⚙ D1945 Buf ring cleanups

kmacy updated this revision to Diff 3916.Feb 23 2015, 12:47 AM

kmacy retitled this revision from to Buf ring cleanups.

kmacy updated this object.

kmacy edited the test plan for this revision. (Show Details)

kmacy added reviewers: imp, rpaulo, andrew, zbb.

kmacy added a subscriber: emaste.

kmacy updated this revision to Diff 3917.Feb 23 2015, 1:13 AM

kmacy updated this object.

These changes look good to me. The only issues I see are if the queue size is 1. And even then I'm not sure they are issues!

sys/sys/buf_ring.h
2	2007-2015 is project style.
2	Happiness from the anonymous nitpickers society.

This revision is now accepted and ready to land.Feb 23 2015, 1:28 AM

make sure tabbing is correct
multi-line comments need to be re-worked (

This revision now requires review to proceed.Feb 23 2015, 2:01 AM

Thinking about this some more I think I've been overzealous with the memory barriers.

There are five variables in question:

prod_head: this is only read by the enqueue routine, if the latter were to initially read a stale value for it the cmpxchg (atomic_cmpset_acq_32) would fail. However, the implied memory barrier in cmpxchg would cause the subsequent read of prod_head to read the up to date value permitting the cmpxchg to succeed the second time. Conclusion - no additional memory barriers needed.
prod_tail: this value is the one used by dequeue to determine the effective producer index. The absence of a memory barrier preceding it made it possible for a new value to be visible to dequeue before the corresponding store to br_ring[idx] was visible in enqueue. Reading a stale value in enqueue could prevent progress, but would not violate correctness. Conclusion - atomic_store_rel_32() needed when doing update in enqueue and atomic_load_acq_32() needed when reading the value in dequeue. Correctness will not be violated by reading a stale value in enqueue so the initial read can be without a memory barrier, if it doesn't match the preceding value it may be stale so we need the while loop to read with an atomic_load_acq_32().
cons_head: this value is used only by dequeue, it is either updated atomically (dequeue_mc) or protected by a mutex (dequeue_sc). Conclusion - no memory barriers needed
cons_tail: This is used to communicate the latest consumer index between dequeue and enqueue. Reading a stale value in enqueue can cause an enqueue fail when it should not have. This was fixed in a recent commit by requiring a memory barrier before reading it again and returning ENOBUFS. There is no risk of reading a _new_ value of cons_tail before br_ring[idx] has been read because the value is not updated until following the read. Conclusion - forcing ordered reads necessary. Ordered rights don't matter here.
br_ring[idx] : The consistency of this value is addressed with prod_tail. This value needs to reach memory before prod_tail does. I believe the latest code handles this correctly but will need to look at it again.

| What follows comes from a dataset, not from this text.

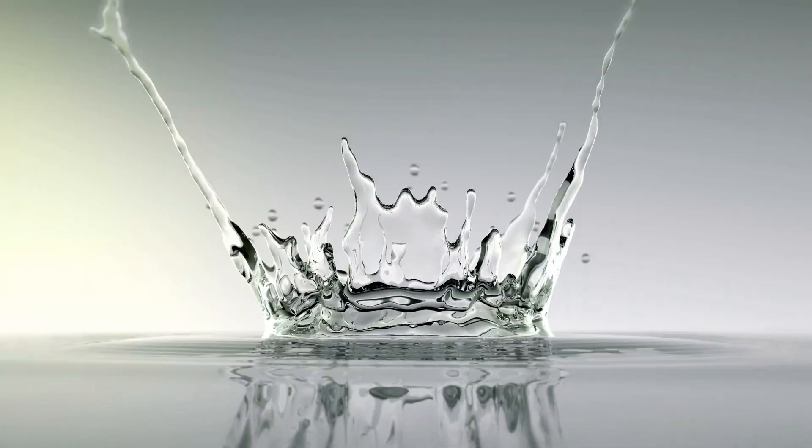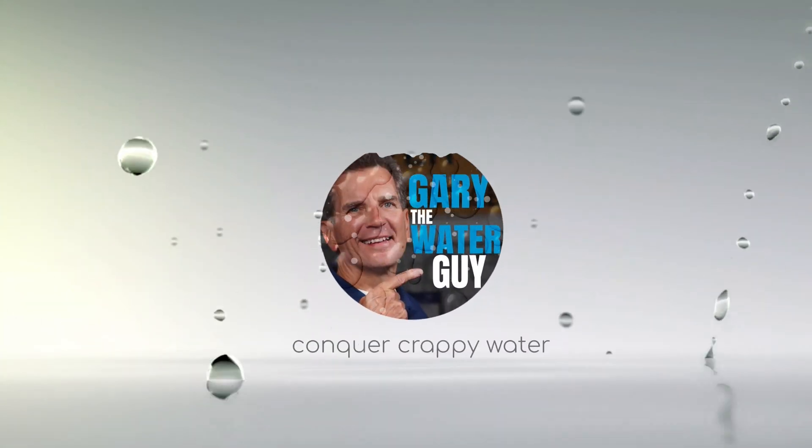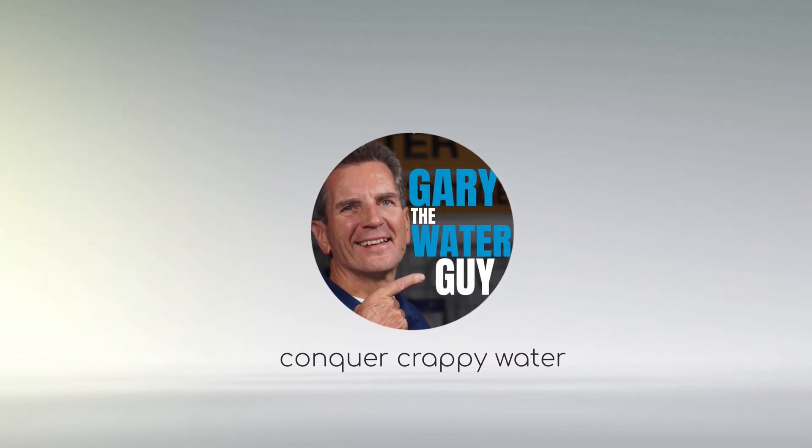Well, I'm going to explain it to you starting right now. I'm Gary the Water Guy, and I simplify water filtration to help you conquer crappy water for your family. Whether you're a do-it-yourself homeowner, a plumber, or a water treatment professional, this video is definitely for you.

rpaulo added inline comments.Feb 23 2015, 8:31 PM

sys/sys/buf_ring.h
109	_acq_32
112	This is the part that I don't understand: cons_tail and prod_head don't share a cache line, so how can the read memory barrier help?

kmacy added inline comments.Feb 23 2015, 11:10 PM

sys/sys/buf_ring.h
112	So this bit of confusion leads me to believe that the implied specificity of FreeBSD's acquire / release API is a bit of sophistry that actually falls short of the more straightforward rmb()/wmb()/mb() in Linux. So I know of no architecture where memory barriers apply only to specific cache lines. Can you name one?

rpaulo added inline comments.Feb 23 2015, 11:48 PM

sys/sys/buf_ring.h
112	Actually, you're right and this seems to work as intended.

Add further discussion of memory ordering expectations
Remove gratuitous memory barriers

Fix comment in dequeue_sc

Now I'm wondering if we need to guarantee that the load from ring needs to complete before subsequent changes that could expose it to destructive updates

I think I can guarantee that the ring load completes before it is exposed to destructive updates by just enforcing release semantics on cons_tail. This is obviously _much_ cheaper on x86 being an ordinary store.

Only do atomic_load_acq to guarantee that stale values can't cause unwarranted failures. The use of atomic_store_rel_32 on the tail indices should assure that reading a stale value can't violate correctness.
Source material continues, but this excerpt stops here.